**Data under study**
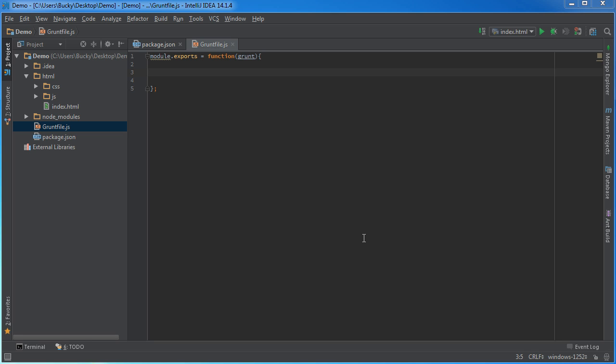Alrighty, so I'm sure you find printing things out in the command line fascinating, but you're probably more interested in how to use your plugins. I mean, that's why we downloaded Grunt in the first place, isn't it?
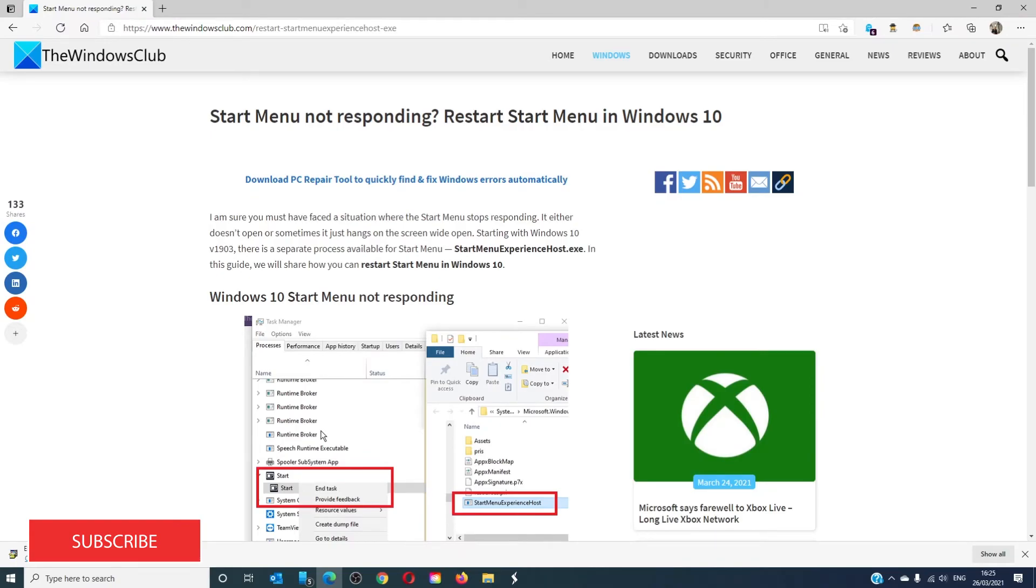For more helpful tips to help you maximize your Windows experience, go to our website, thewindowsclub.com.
* * *
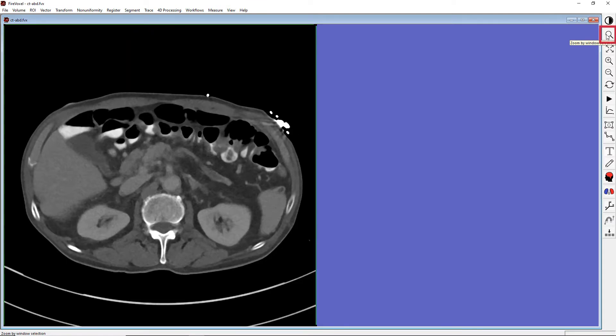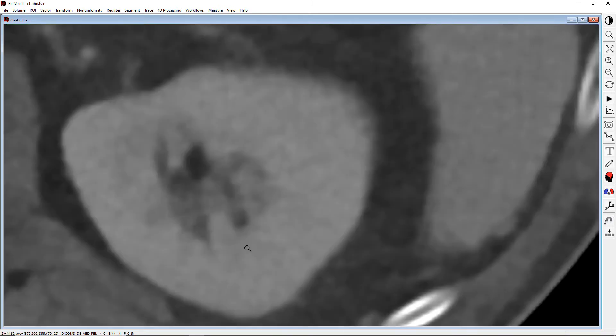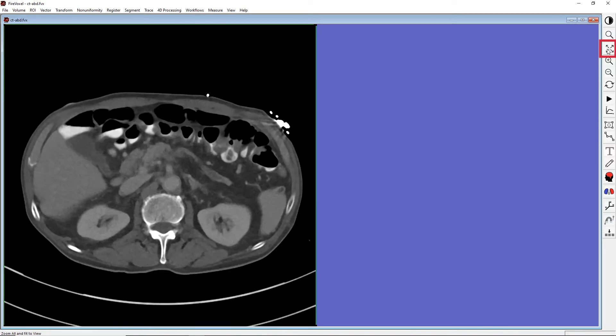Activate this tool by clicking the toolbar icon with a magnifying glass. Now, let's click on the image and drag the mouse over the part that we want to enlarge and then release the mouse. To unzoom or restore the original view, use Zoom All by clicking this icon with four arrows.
...
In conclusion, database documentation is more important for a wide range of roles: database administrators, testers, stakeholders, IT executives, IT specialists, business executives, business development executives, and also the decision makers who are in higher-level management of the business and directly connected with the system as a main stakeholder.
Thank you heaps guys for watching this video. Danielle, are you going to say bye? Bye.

**To do**
In the listing above, find the line with "Alrighty, so I'm" and the line with "For more helpful". Copy exactly those lines and all between them, minus the images.

**Result**
Alrighty, so I'm sure you find printing things out in the command line fascinating, but you're probably more interested in how to use your plugins. I mean, that's why we downloaded Grunt in the first place, isn't it?
For more helpful tips to help you maximize your Windows experience, go to our website, thewindowsclub.com.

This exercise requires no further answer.